Many pet owners will have heard of the term ‘BARF’, which refers to the trend of feeding pets a raw diet. BARF, or Biologically Appropriate Raw Food, mimics a cat’s natural diet of fresh meat and cuts out any additives, preservatives or fillers that may be in packaged and prepared cat food. However, one of the drawbacks to a raw diet is that raw meat can have viruses, germs or parasites, which are not killed by the cooking process.

We discuss the pros and cons of a BARF diet, so you can decide whether it is right for you and your cat.

Wet Food

A diet of wet food is recommended for cats because of its high water content, which increases your cat's overall fluid intake and helping them to stay hydrated. Wet Cat Food mimics a cat’s natural diet of juicy pieces of meat.

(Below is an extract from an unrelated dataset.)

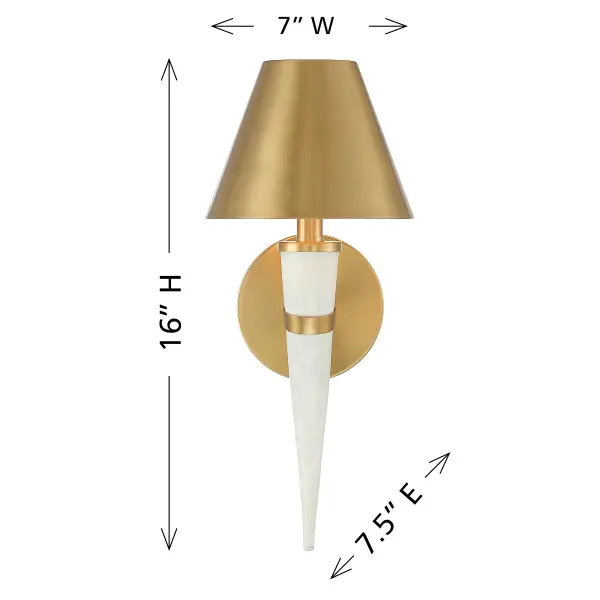 Hearne 1-Light Wall Sconce in Warm Brass by Dann Foley - Image 6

Wet food is either complete and provides your cat with the full range of nutrients it needs, or supplementary and must be fed alongside other cat food.

Dry Food

Dry food has many advantages, not least that it stays fresh during the day and can work out more economical. You can leave enough out for your cat to graze or serve up smaller meals throughout the day. A bag of dry food will stay fresh for much longer as long as you seal it up well. Dry cat food is also good for oral hygiene, as the crunchy kibbles mechanically clean your cat’s teeth and help strengthen their jaw muscles.

Specialist Diets

If your cat suffers from certain health problems, feeding them a specialised diet can help alleviate symptoms.

Cats with Sensitive Digestion could benefit from a hypoallergenic cat food, which contains fewer allergens and alternative proteins.

Neutered cats are more likely to overweight because of the change in their metabolism after neutering. A diet that has a lower fat content can help keep your cat fit and slim!

There are also many diets designed for cats at different growth stages. A kitten’s diet will be significantly different to an elderly cat’s.

You may also wish to consult your vet on recommendations of Veterinary Cat Food.